April 22, 2019
On April 19, Judge William Alsup of the Northern District of California dismissed the only remaining cause of action against the NFL regarding its misuse of powerful painkilling drugs, ending litigation that spanned two-lawsuits over the course of five years.
Hall of Famer Richard Dent filed his class-action lawsuit against the NFL in 2014, claiming physical damage from the NFL’s reckless use of painkillers aimed at keeping badly injured players on the field. Within months, the lawsuit was dismissed on preemption and appealed to the Ninth Circuit. Judge Alsup opined that Dent and the other players in the suit were suing the wrong party since the teams and their doctors and trainers were responsible for dispensing drugs to players.
In 2015, another group of plaintiffs led by NFL widow Etopia Evans filed suit against the 32 member clubs of the NFL making the same allegations but rather than seeking damages for personal injury, this group of retired players and Mrs. Evans pled conspiracy and fraudulent concealment seeking remuneration for economic losses through RICO claims.
Oral arguments for Dent were held at the Ninth Circuit on December 15, 2016, and afterward, the case appeared to disappear into a black hole. Meanwhile, discovery was underway in the Evans lawsuit with numerous emails and depositions disclosing illegal handling of prescription drugs, confirming the players’ allegations.
Despite this, on February 3, 2017, Judge Alsup dismissed the RICO and conspiracy claims in Evans and on May 15, 2017, dismissed the fraudulent concealment and misrepresentation claims of all but nine players.

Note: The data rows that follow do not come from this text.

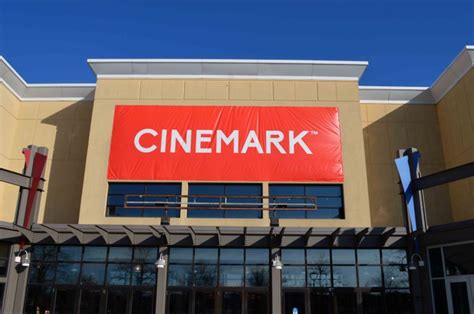 Cinemark warrenville.  Get personalized recommendations, and Cinemark Cante...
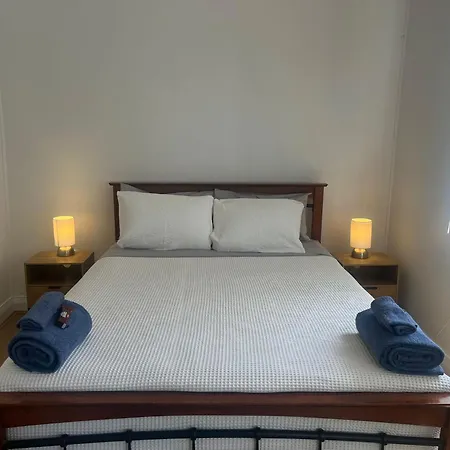 Cozyhomes Woolloongabba Bed & Breakfast
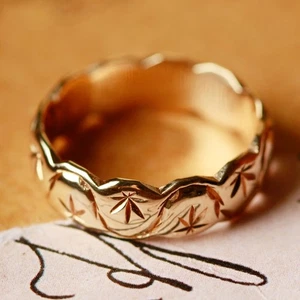 Anillo de boda vintage 1977 9 quilates grabado en oro amarillo 5 mm usado tamaño: N 9 quilates... - Imagen 1 de 3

Finally, on July 21, 2017, those remaining claims were dismissed through summary judgment with Judge Alsup holding that the claims were time-barred and plaintiffs’ only relief was through workers comp or CBA benefits.
As the Evans plaintiffs were filing their appeal at the Ninth Circuit, on September 6, 2018, following a twenty-one month wait a ruling was finally issued in Dent. The Ninth Circuit reversed Judge Alsup’s dismissal on preemption, holding that parties to a CBA cannot bargain for what is illegal.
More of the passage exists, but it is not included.